ACTIVITY: Out of the material that follows, write out exactly the lines from the line with "Een ruime, lichte" to the line with "red and gray", both ends included, and no others.

SOURCE RECORDS:
-------------------------
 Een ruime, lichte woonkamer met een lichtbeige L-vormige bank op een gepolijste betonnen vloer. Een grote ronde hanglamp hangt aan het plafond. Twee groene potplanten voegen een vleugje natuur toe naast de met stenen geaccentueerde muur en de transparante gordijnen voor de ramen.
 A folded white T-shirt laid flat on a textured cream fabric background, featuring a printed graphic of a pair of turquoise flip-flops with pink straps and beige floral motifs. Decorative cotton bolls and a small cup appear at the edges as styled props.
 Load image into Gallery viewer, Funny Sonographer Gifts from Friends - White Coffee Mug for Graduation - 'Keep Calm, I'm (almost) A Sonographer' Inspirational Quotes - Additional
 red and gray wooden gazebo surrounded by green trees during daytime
-------------------------
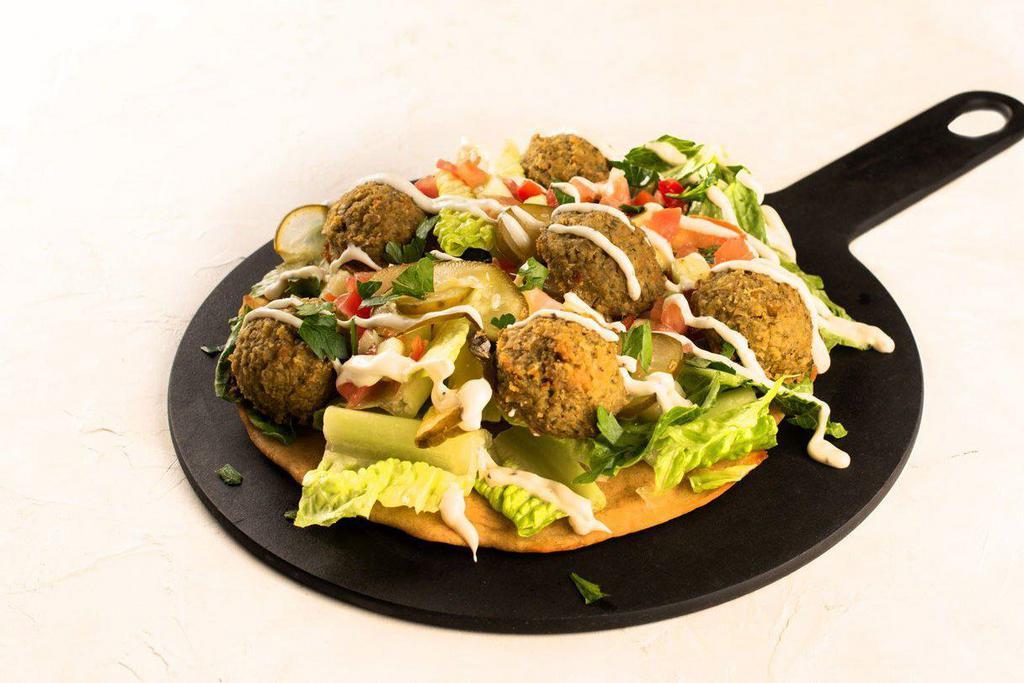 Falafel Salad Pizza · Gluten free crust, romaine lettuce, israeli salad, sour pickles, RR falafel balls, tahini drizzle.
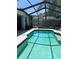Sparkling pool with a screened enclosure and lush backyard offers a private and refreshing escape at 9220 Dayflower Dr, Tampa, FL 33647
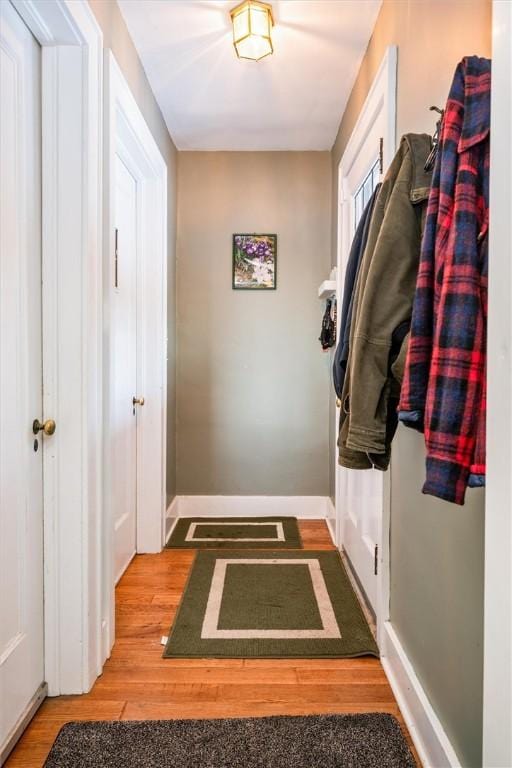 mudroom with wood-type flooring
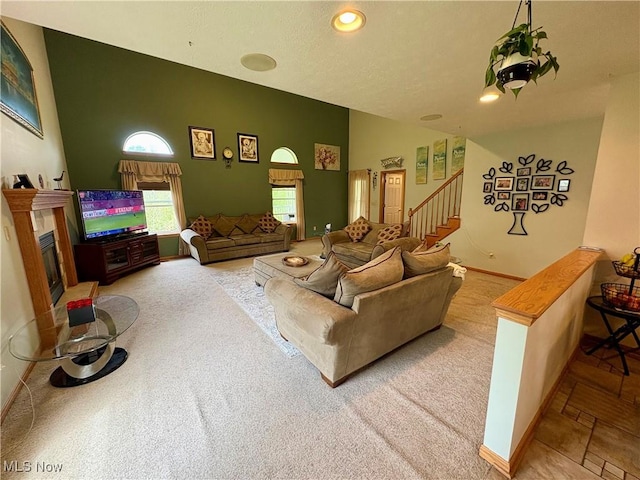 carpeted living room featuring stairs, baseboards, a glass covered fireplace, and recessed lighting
-------------------------
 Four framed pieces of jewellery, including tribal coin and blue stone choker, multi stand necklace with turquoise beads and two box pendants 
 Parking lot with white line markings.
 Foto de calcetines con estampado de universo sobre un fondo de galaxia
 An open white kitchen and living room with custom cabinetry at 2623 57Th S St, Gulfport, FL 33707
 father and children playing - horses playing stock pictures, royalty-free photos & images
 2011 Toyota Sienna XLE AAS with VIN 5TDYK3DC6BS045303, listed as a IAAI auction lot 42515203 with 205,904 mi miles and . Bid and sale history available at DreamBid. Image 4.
-------------------------
WORKED SOLUTION:
 Een ruime, lichte woonkamer met een lichtbeige L-vormige bank op een gepolijste betonnen vloer. Een grote ronde hanglamp hangt aan het plafond. Twee groene potplanten voegen een vleugje natuur toe naast de met stenen geaccentueerde muur en de transparante gordijnen voor de ramen.
 A folded white T-shirt laid flat on a textured cream fabric background, featuring a printed graphic of a pair of turquoise flip-flops with pink straps and beige floral motifs. Decorative cotton bolls and a small cup appear at the edges as styled props.
 Load image into Gallery viewer, Funny Sonographer Gifts from Friends - White Coffee Mug for Graduation - 'Keep Calm, I'm (almost) A Sonographer' Inspirational Quotes - Additional
 red and gray wooden gazebo surrounded by green trees during daytime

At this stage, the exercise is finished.